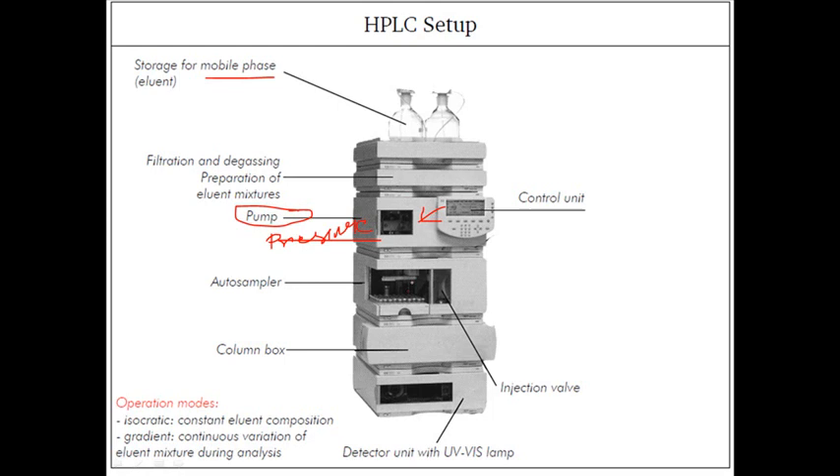We have the auto sampler, which loads our sample in small parts into the columns. By those injection forces, we have the six-port injection system that delivers the sample into the columns.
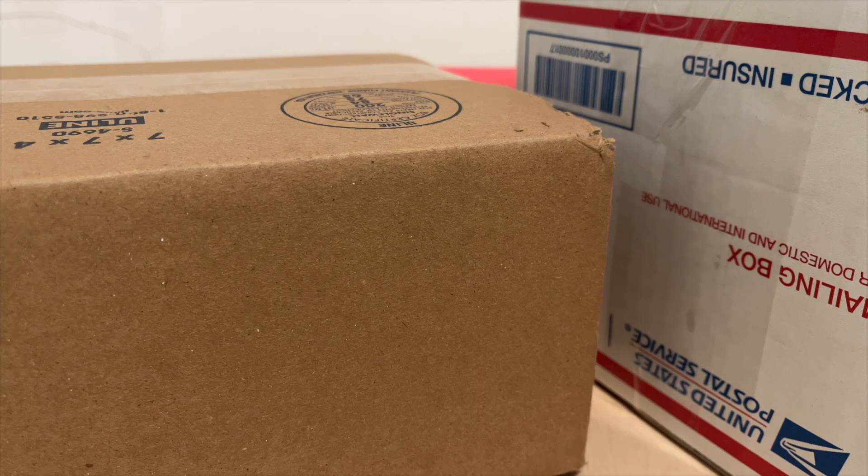Hello everybody, welcome back to another unboxing. Today we have two models. I was actually debating whether I should do this video because generally this past week wasn't the best, and I was definitely not in the mood to make a video. But I thought maybe this will change my mood, so let's make this unboxing and take a look at some new wonderful NG Models.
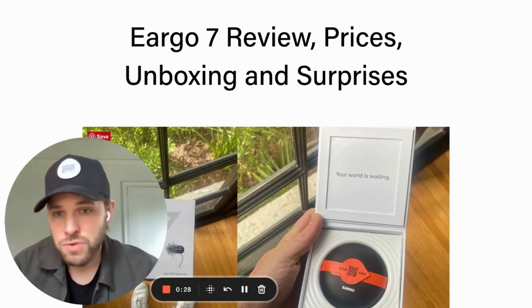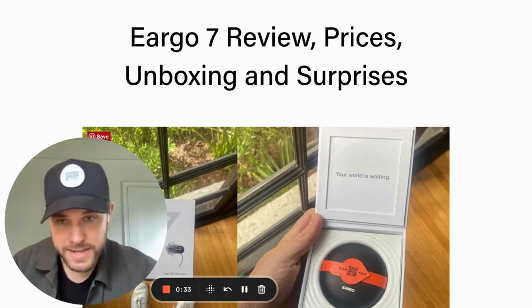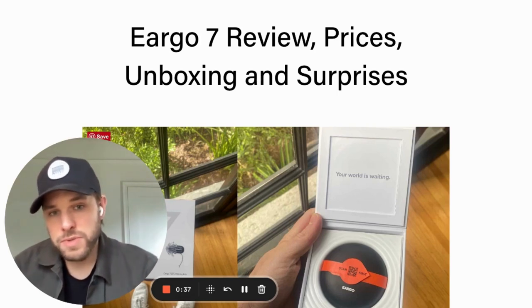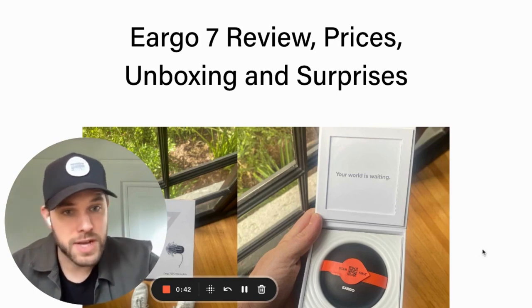I've had a chance to review the last three generations of Eargo products — I tried five, six, and seven most recently. I want to share this new experience with you, share what some of the updates are and what you can expect if you're considering Eargo for the first time.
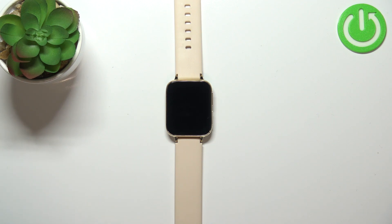Before we start, a quick disclaimer: if you want to factory reset your watch, make sure that the battery level on your watch is at least above 30%, because if the battery dies during the resetting process it might damage your device.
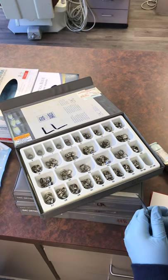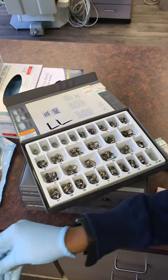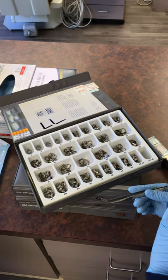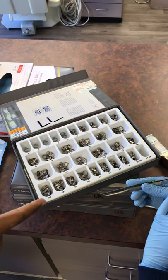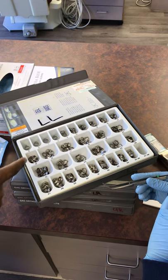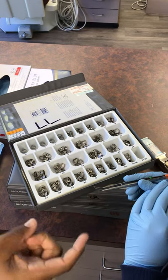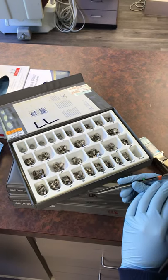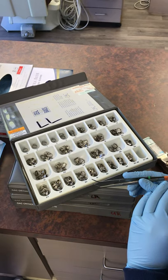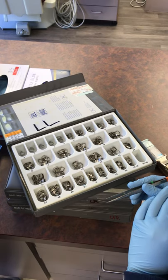Normally you'll be doing this by yourself — I've got an assistant, Tiana, helping me pick the bands out. Notice she's using a cotton plier to pick up the bands so that we're not touching the box of bands directly. That way we keep all of our inventory that's going to go into someone else's mouth clean. We're only using a clean instrument to grab each band. So, glancing at it, I just have an idea in my mind of what the size of that molar was.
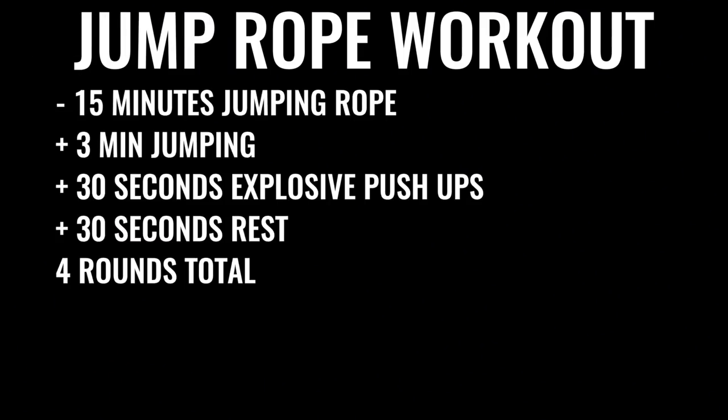You're going to start off by skipping rope for about 15 minutes. You'll give yourself about three minutes of skipping nonstop, followed by about 30 seconds of explosive pushups and 30 seconds of rest. You're going to do that four times total, leaving off the last set of pushups — so four sets of three minutes of jump rope and three sets of pushups total.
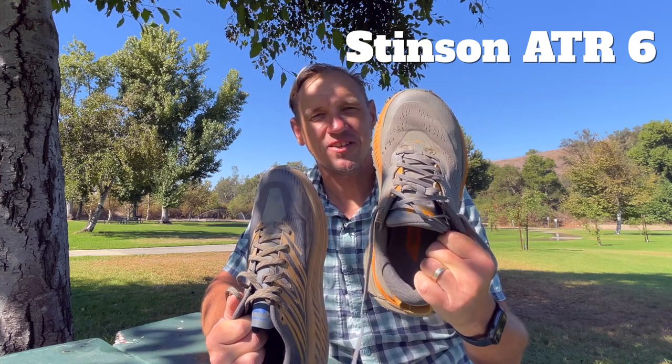The Hoka Stinson ATR6 versus the Hoka Speedgoat 4 — which one is better? It depends on who you are and what your foot is like. I tried the Stinson out a while ago and I have some other videos on that.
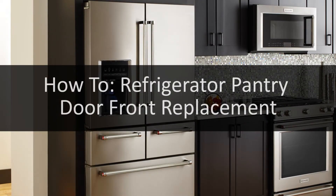This video will show you how to replace the drawer fronts on your refrigerator pantry compartment.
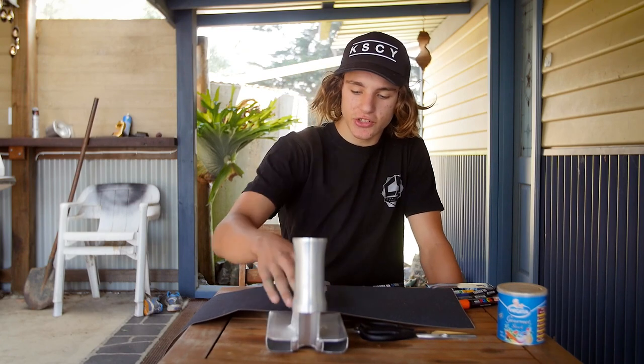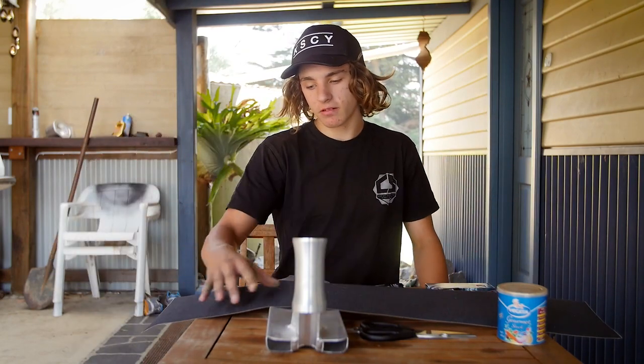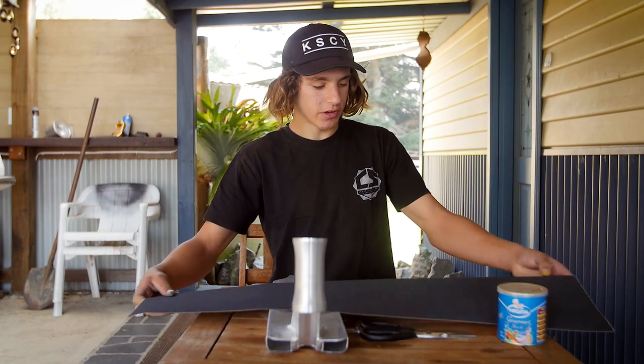I'm going to be using this deck to trace out. So we've got some skateboard grip tape here. I'm just going to cut out what we need for it, do the drawing, and going to time-lapse it up.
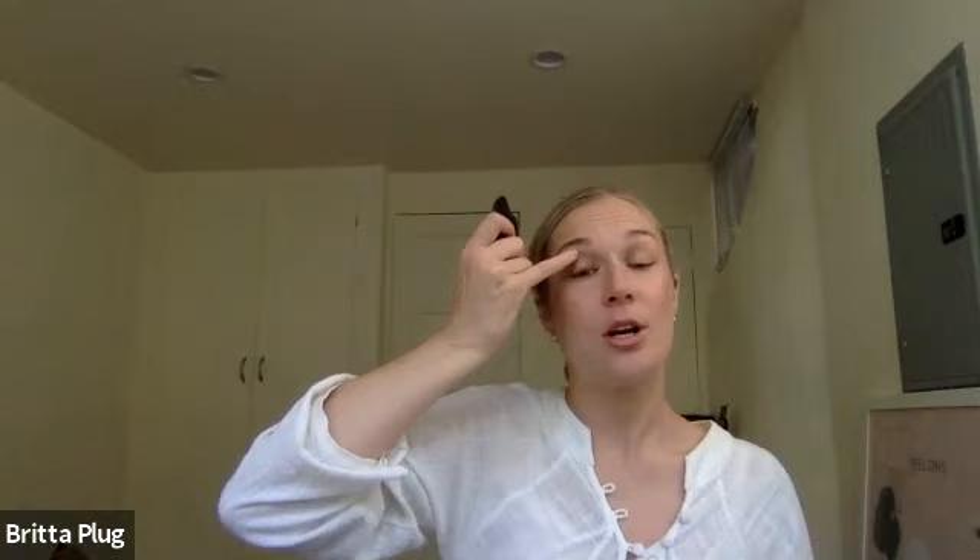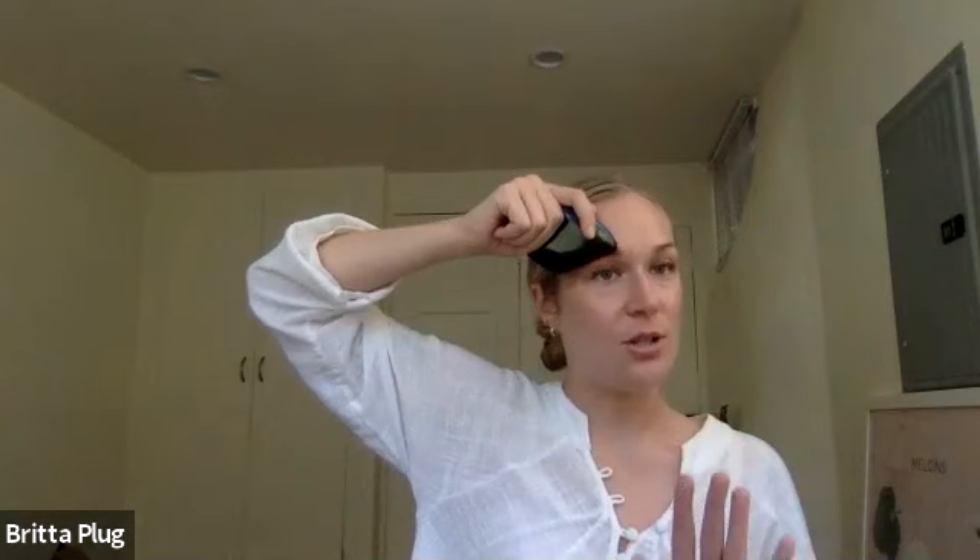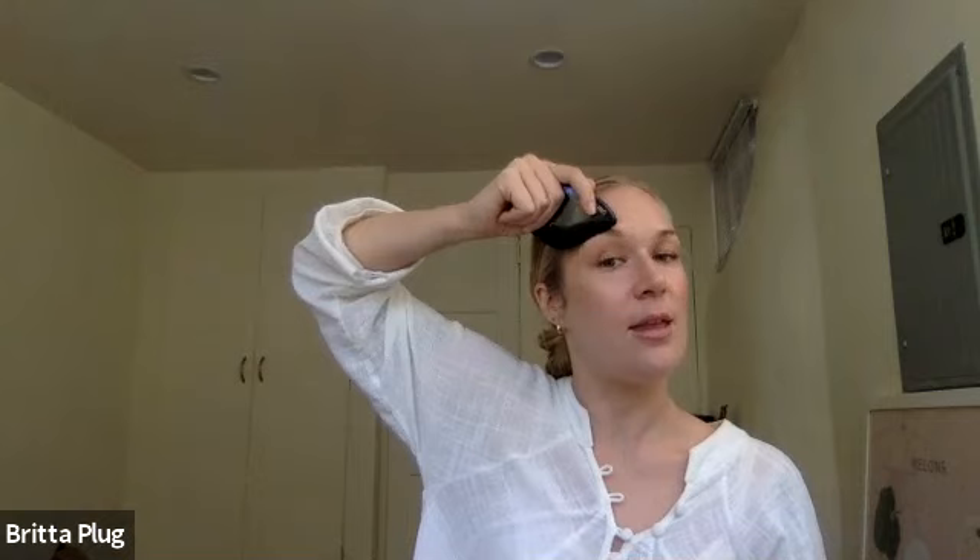For saggy upper eyelids, the move along the eyebrow is really great — make sure you always have enough lubrication. You can take the comb edge and give the brow a very gentle lift, hanging out there for a few breaths and then lifting it all the way up. Both of those moves are excellent for looser or hooded eyelids.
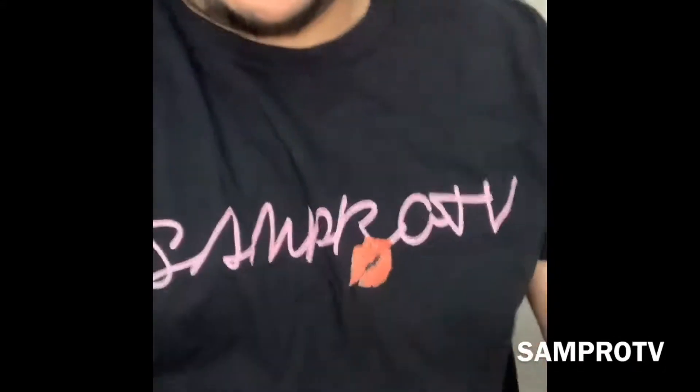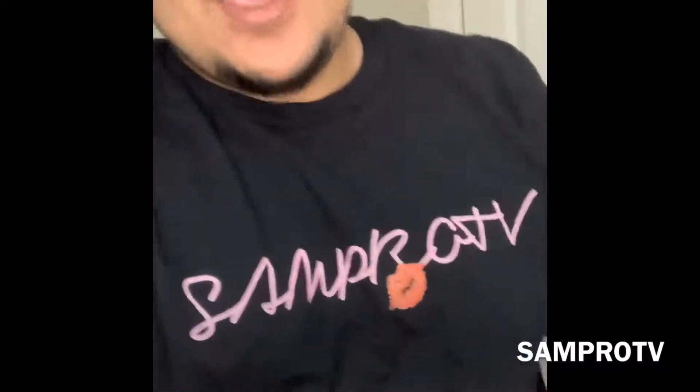So this is how the shirt looks — it looks perfect, it looks amazing. SamPro TV, they made the custom shirt for me. I love the shirt, I love the way it is. I'll show you the app so you can go and customize your own shirt.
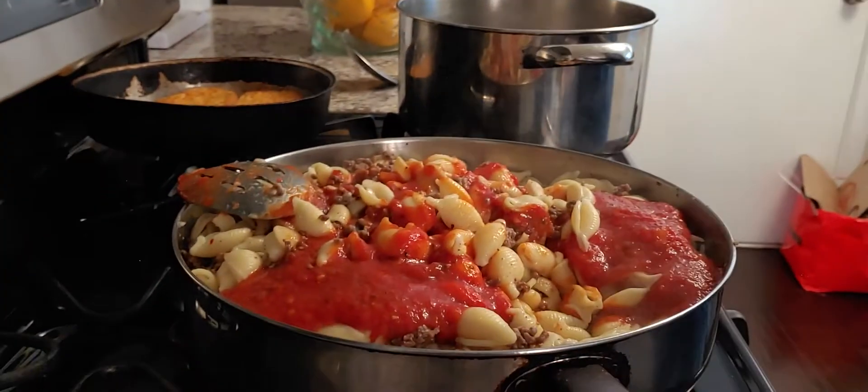Stick this in the oven for a good 10 to 15 minutes until the cheese melts. A lot of people like to have the cheese brown, but I like to have it melt. I'll see you back in about 10 or 15 minutes.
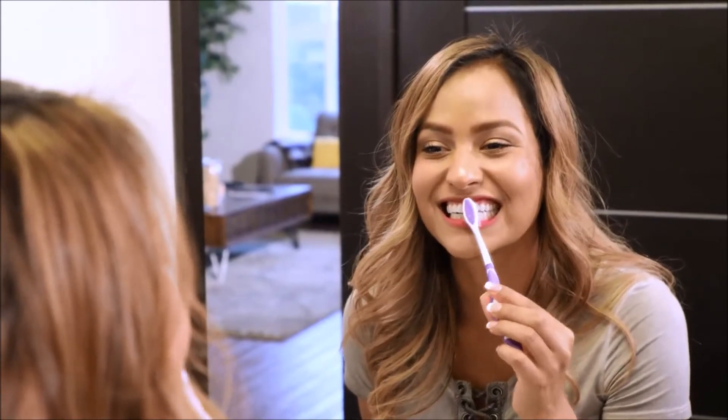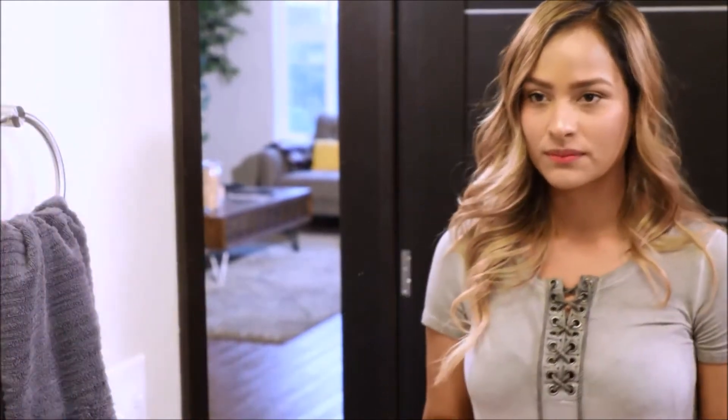Place the tray over the teeth and carefully press the tray into place. Gently wipe off any excess gel with a soft toothbrush. Leave the tray in for the period of time recommended by your dentist.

================

Activity:
Word for word, retype the lines from the one with "This video will" through the final line of the data, both included. No pictures belong in the copy.

Your response:
This video will show you how to replace the drawer fronts on your refrigerator pantry compartment.
I'm going to be using this deck to trace out. So we've got some skateboard grip tape here. I'm just going to cut out what we need for it, do the drawing, and going to time-lapse it up.
For saggy upper eyelids, the move along the eyebrow is really great — make sure you always have enough lubrication. You can take the comb edge and give the brow a very gentle lift, hanging out there for a few breaths and then lifting it all the way up. Both of those moves are excellent for looser or hooded eyelids.
So this is how the shirt looks — it looks perfect, it looks amazing. SamPro TV, they made the custom shirt for me. I love the shirt, I love the way it is. I'll show you the app so you can go and customize your own shirt.
Stick this in the oven for a good 10 to 15 minutes until the cheese melts. A lot of people like to have the cheese brown, but I like to have it melt. I'll see you back in about 10 or 15 minutes.
Place the tray over the teeth and carefully press the tray into place. Gently wipe off any excess gel with a soft toothbrush. Leave the tray in for the period of time recommended by your dentist.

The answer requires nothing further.